THE PLAY TOWN - A School For Life And Learning

The Wide Horizon in Brief

“Those who drive up a mountain with their car on a paved road, will experience the mountain in a different way than those who walk up on foot paths, crossing boulders and shrubs on the way. They have arrived in a different way, despite the fact that from their mere physical presence one will not be able to detect any differences. They look the same, they feel the same wind, the angle of the sun is identical. However, the mountain on which they are standing is completely different for them. Knowledge which is absorbed and communicated in such a way that one can no longer feel the obstacles, the disturbing, confusing or fascinating experiences, which they have brought about – this knowledge retains a flat taste…

The building of motorways to the peaks of culture, the sources of wisdom, it all has its price.
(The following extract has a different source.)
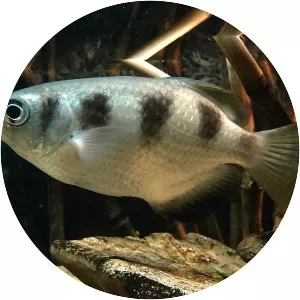 Archerfish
You just tick off errands and are in charge of the situation without feeling any emotion”

(Horst Rumpf 1996)

 

This quote truly describes the core of the concept and the practical experience made regarding the Play Town. Created with an uncomfortable feeling about the predominant formal understanding of learning as such, which was trying to eradicate all obstacles in this process, the didactic concept of the Play Town is based exactly on the children being actively involved in the production of their learning processes.

Since the obstacles usually arise from the social and cultural daily life of the children, their facts have to be an integral part of their learning environment. The possibly confusing as well as the fascinating experiences should not be excluded, as distracting as they might seem. Not only because of the fact that children do not solely draw their knowledge from formal, structured offers to learn, but often from the quarries of everyday life, from information channels they were not supposed to access, from events which are not intended for their eyes and ears.

From the start, children learn about the world in a far more extensive way through learning characterized by immediate experiences, which are memorized in the process, if they are available or made available for them to process. Otherwise they will create an amorphous or raw perception of the world, full of

wishes, fears and unrealistic fantasies of life.

Without being asked they are the seismographs of the cultures of the adult world and detect changes and cracks faster and in a more unvarnished way than the adults themselves.

Learning is inevitable, anthropologically speaking, embedded in social processes of life together with movement and action, accompanied by emotions, characterized by surprises, by the unexpected, by influences of the most diverse kind. It is never a clear, linear or definable process.

 

All this results in the pedagogic insight that connections have to be established between the living environment and the learning environment, which compare the conveying and subjective perception of knowledge with the social realities children grow up in. If learning is not based on this, the social and cultural task of pedagogics is missed.

Its task should (as it is different in reality) basically consist of the creating of learning environments, which initially allow life in general and which allow children’s activities and actions in real time and without restrictions and which provide the necessary items, tools, materials and media for independent learning.

The handling of objects must be explained by adults, but the explaining must be done in a way that the curiosity and love to experiment and inquisitive minds of children are kept alive and encouraged. The gap could be bridged by recognizing the method used by children in learning about the world, which is by playing. In doing so, they learn, acquire knowledge and at the same time they can assure themselves of the social aspects of their world as well.

 

The Play Town as Living Environment

 

The Play Town is both pedagogically intended and didactic and as a game, it possesses all of the characteristics that are attributed to games played by children: entertaining, loud, action-oriented and paced according to the children’s own rhythm. It is often hard for adults to accept this and acknowledge it as a principal, since the forms of their own learning experiences are opposed to such a change of methods.